TASK DETAILS: Reproduce word for word, from the entries below, the line with "I'm Carolyn Miller, and", the line with "Its top features", and every line between them, and nothing more.

[[ DATASET EXTRACT, beginning ]]

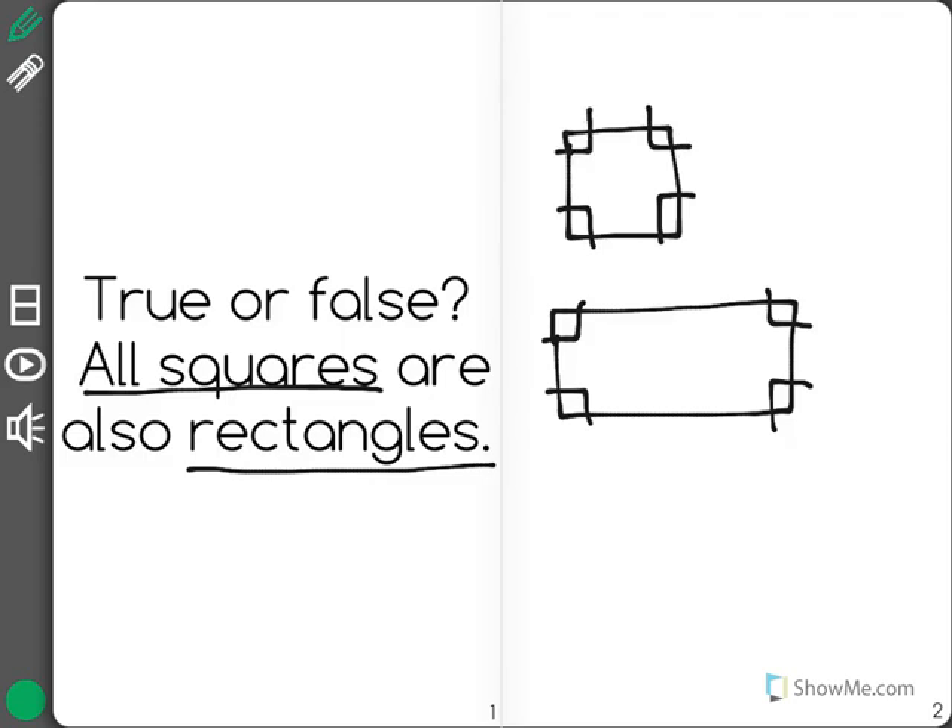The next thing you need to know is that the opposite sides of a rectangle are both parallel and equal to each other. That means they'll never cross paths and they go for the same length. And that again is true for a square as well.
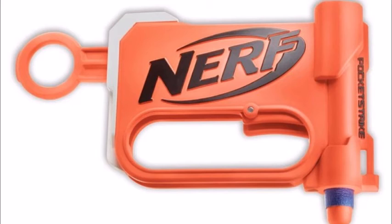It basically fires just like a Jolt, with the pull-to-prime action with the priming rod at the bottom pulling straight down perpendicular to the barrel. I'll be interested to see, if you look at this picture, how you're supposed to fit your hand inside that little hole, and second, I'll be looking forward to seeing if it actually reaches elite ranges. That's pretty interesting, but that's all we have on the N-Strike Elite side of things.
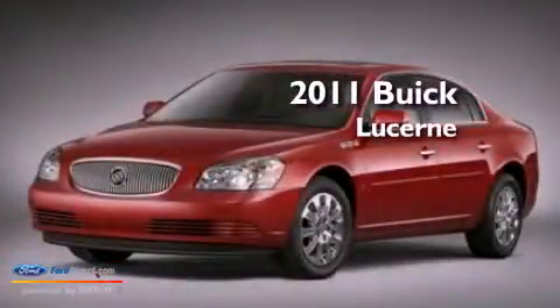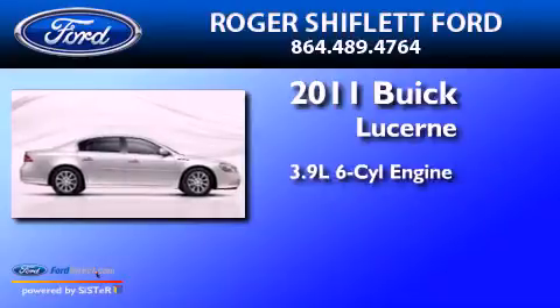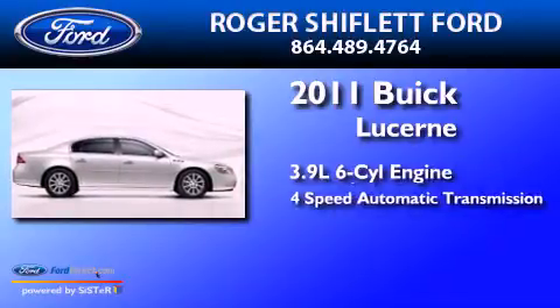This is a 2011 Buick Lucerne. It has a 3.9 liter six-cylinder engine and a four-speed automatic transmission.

[[ DATASET EXTRACT, end ]]
[[ DATASET EXTRACT, beginning ]]

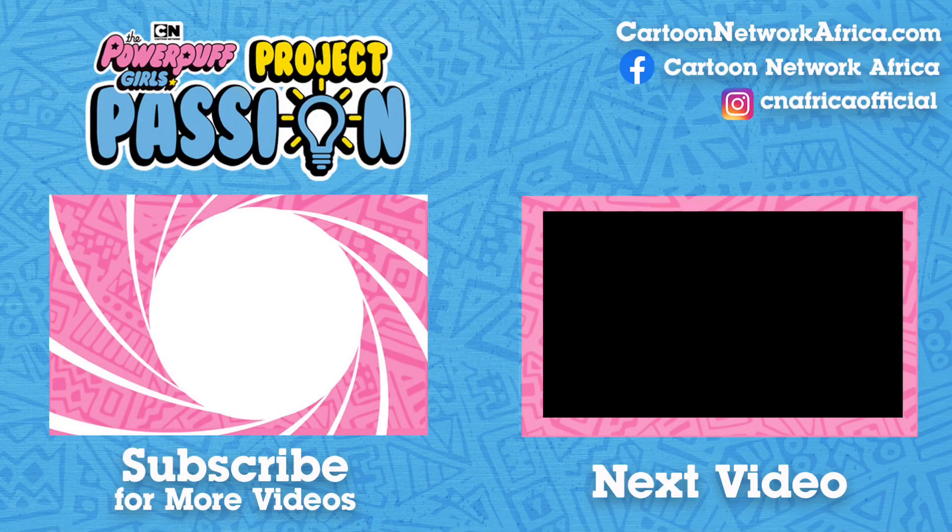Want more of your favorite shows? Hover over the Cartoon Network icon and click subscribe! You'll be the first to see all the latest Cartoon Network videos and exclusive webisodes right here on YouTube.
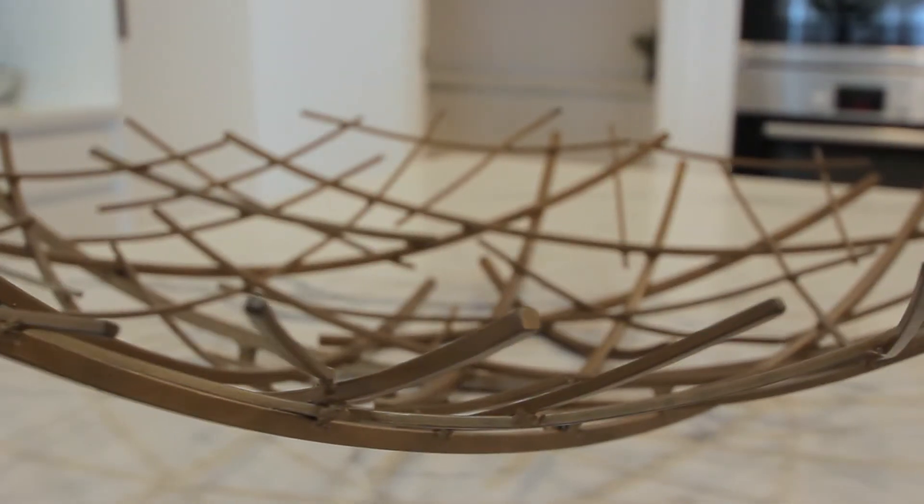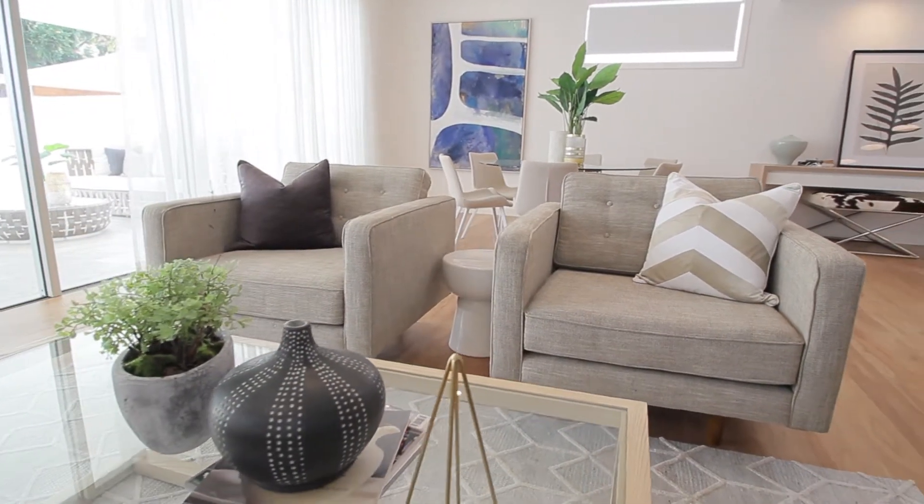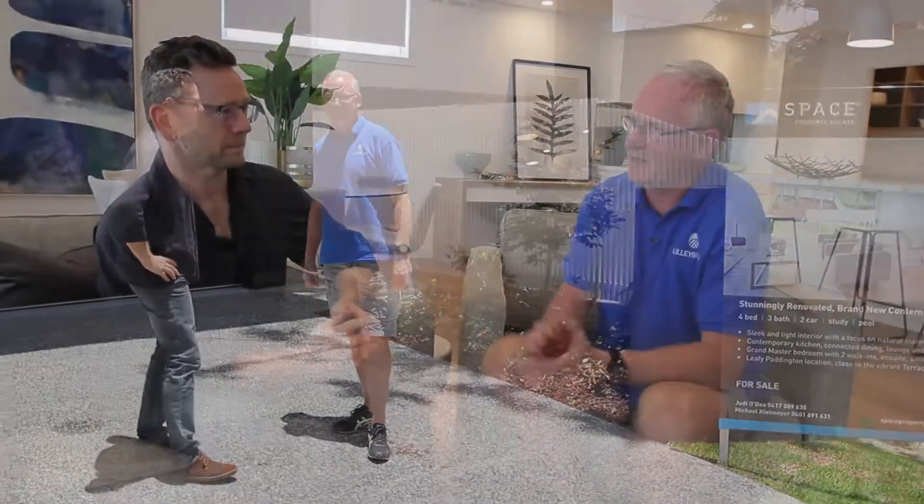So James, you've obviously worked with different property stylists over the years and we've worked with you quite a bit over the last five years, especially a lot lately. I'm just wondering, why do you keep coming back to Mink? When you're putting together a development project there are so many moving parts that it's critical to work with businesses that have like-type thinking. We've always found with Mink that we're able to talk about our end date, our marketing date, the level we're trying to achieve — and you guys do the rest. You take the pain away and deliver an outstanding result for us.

[[ DATASET EXTRACT, end ]]
[[ DATASET EXTRACT, beginning ]]

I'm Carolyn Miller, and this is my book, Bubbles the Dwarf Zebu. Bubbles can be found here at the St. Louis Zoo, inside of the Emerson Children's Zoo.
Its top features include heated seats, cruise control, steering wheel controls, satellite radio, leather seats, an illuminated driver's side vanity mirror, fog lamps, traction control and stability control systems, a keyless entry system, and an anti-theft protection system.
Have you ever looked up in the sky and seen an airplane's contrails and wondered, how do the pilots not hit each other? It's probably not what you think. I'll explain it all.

[[ DATASET EXTRACT, end ]]

WRITTEN SOLUTION:
I'm Carolyn Miller, and this is my book, Bubbles the Dwarf Zebu. Bubbles can be found here at the St. Louis Zoo, inside of the Emerson Children's Zoo.
Its top features include heated seats, cruise control, steering wheel controls, satellite radio, leather seats, an illuminated driver's side vanity mirror, fog lamps, traction control and stability control systems, a keyless entry system, and an anti-theft protection system.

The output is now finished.